Palmyre, Palmyre mo c'ere,
Mo
l'aimé'ou' — mo
l'aimé ou'."
"Montagne?"
asked one slave of another, "qui li
çà, montagne? gnia pas quiç' ose
comme çà dans la
Louisiana? (What's a mountain? We haven't such
things in Louisiana.)"
"Mein ye gagnein plein
montagnes dans l'Afrique,
listen!"
"'Ah!
Palmyre, Palmyre, mo' piti zozo,
Mo
l'aimé 'ou' — mo l'aimé,
l'aimé 'ou.' "
"Bravissimo! -
" but just then a counter-attraction
drew the white company back into the house. An old
French priest with sandalled
feet and a dirty face had
arrived. There was a moment of hand-shaking with the
good father, then a moment of palpitation and holding
of the breath, and then — you would have known it by
the turning away of two or three feminine heads in tears
— the lily hand became the don's, to have and to hold,
by authority of the Church and the Spanish king. And
all was merry, save that outside there was coming up as
villanous
a night as ever cast black looks in through
snug windows.
It was just as the newly wed Spaniard, with Agricola
and all the guests, were concluding the by-play of
marrying the darker couple, that the hurricane struck
the dwelling. The holy and jovial father had made
faint pretence of kissing this second bride; the ladies,
colonels, dons, etc., — though the joke struck them as a
trifle coarse — were beginning to laugh and clap hands
again and the gowned jester to bow to right and left,
when Bras-Coupé, tardily realizing the consummation
of his hopes, stepped forward to embrace his wife.
"Bras-Coupé!"
The voice was that of Palmyre's mistress. She had
not been able to comprehend her maid's behavior, but
now Palmyre had darted upon her an appealing look.

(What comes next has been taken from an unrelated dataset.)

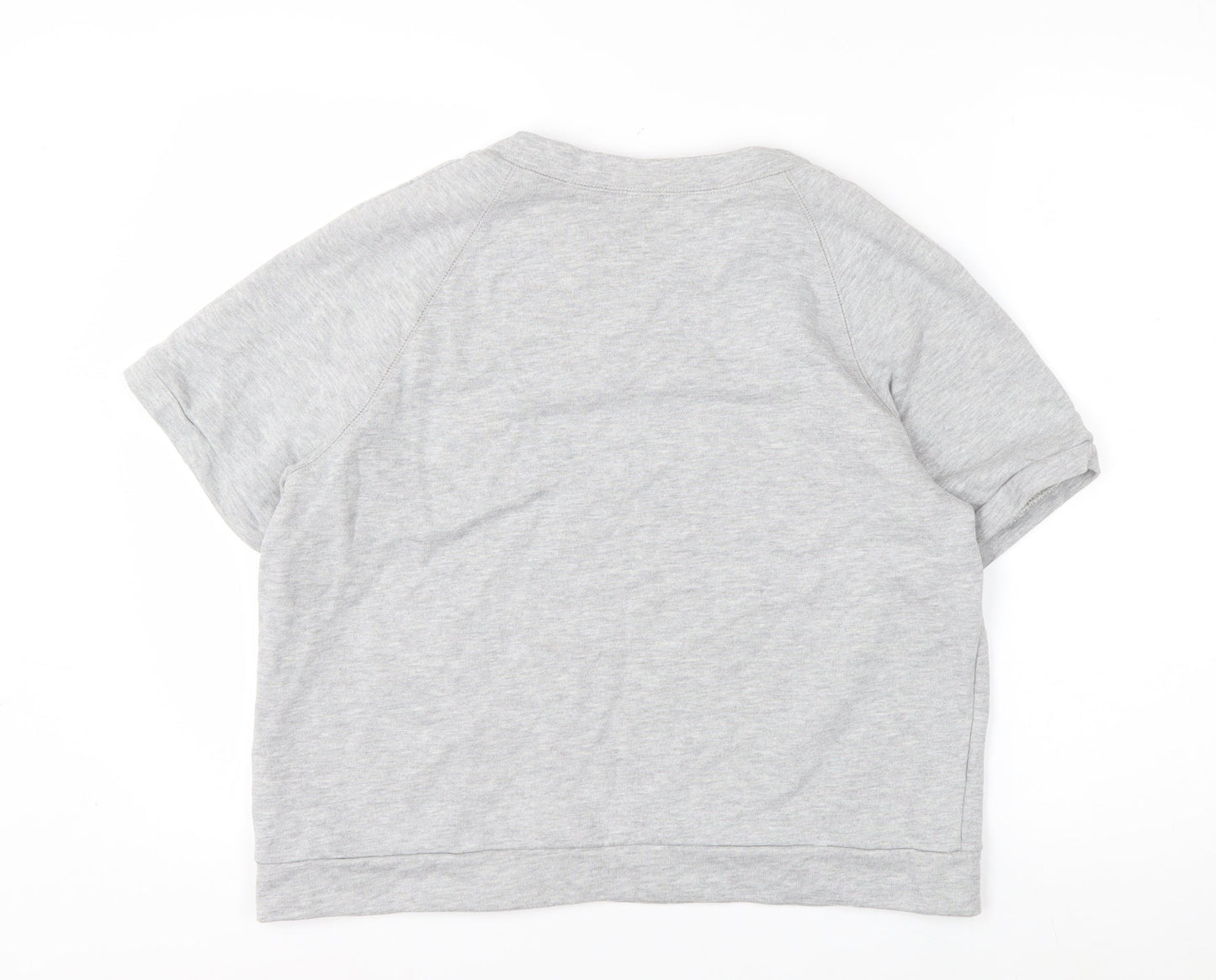 H&M Womens Grey Short Sleeve Pullover Sweatshirt Size 12 Graphic Print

The warrior stopped as if a javelin had flashed over
his head and stuck in the wall.
"Bras-Coupé must wait till I give him his wife."
He sank, with hidden face, slowly to the floor.

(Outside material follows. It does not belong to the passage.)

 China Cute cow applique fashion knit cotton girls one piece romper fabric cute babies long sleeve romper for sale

"Bras-Coupé hears the voice of zombis; the voice is
sweet, but the words are very strong; from the same
sugar-cane comes sirop and
taffia; Bras-Coupé says to
zombis, 'Bras-Coupé will wait; but if the
dotchians
deceive Bras-Coupé — '"
he rose to his feet with his eyes
closed and his great black fist lifted over his head —
"Bras-Coupé will call Voudou-Magnan!"
The crowd retreated and the storm fell like a burst of
infernal applause. A whiff like fifty witches flouted up
the canvas curtain of the gallery and a fierce black
cloud, drawing the moon under its cloak, belched forth
a stream of fire that seemed to flood the ground; a peal
of thunder followed as if the sky had fallen in, the house
quivered, the great oaks groaned, and every lesser thing
bowed down before the awful blast. Every lip held its
breath for a minute — or an hour, no one knew — there
was a sudden lull of the wind, and the floods came
down. Have you heard it thunder and rain in those
Louisiana lowlands? Every clap seems to crack the
world. It has rained a moment; you peer through
the black pane — your house is an island, all the land is
sea.
However, the supper was spread in the hall and
in due time the guests were filled. Then a supper was
spread in the big hall in the basement, below stairs, the
sons and daughters of Ham
came down like the fowls
of the air upon a rice-field, and Bras-Coupé, throwing
his heels about with the joyous carelessness of a smutted
Mercury, for the first time in his life tasted the blood of
the grape. A second, a fifth, a tenth time he tasted it,
drinking more deeply each time, and would have taken
it ten times more had not his bride cunningly concealed
it. It was like stealing a tiger's kittens.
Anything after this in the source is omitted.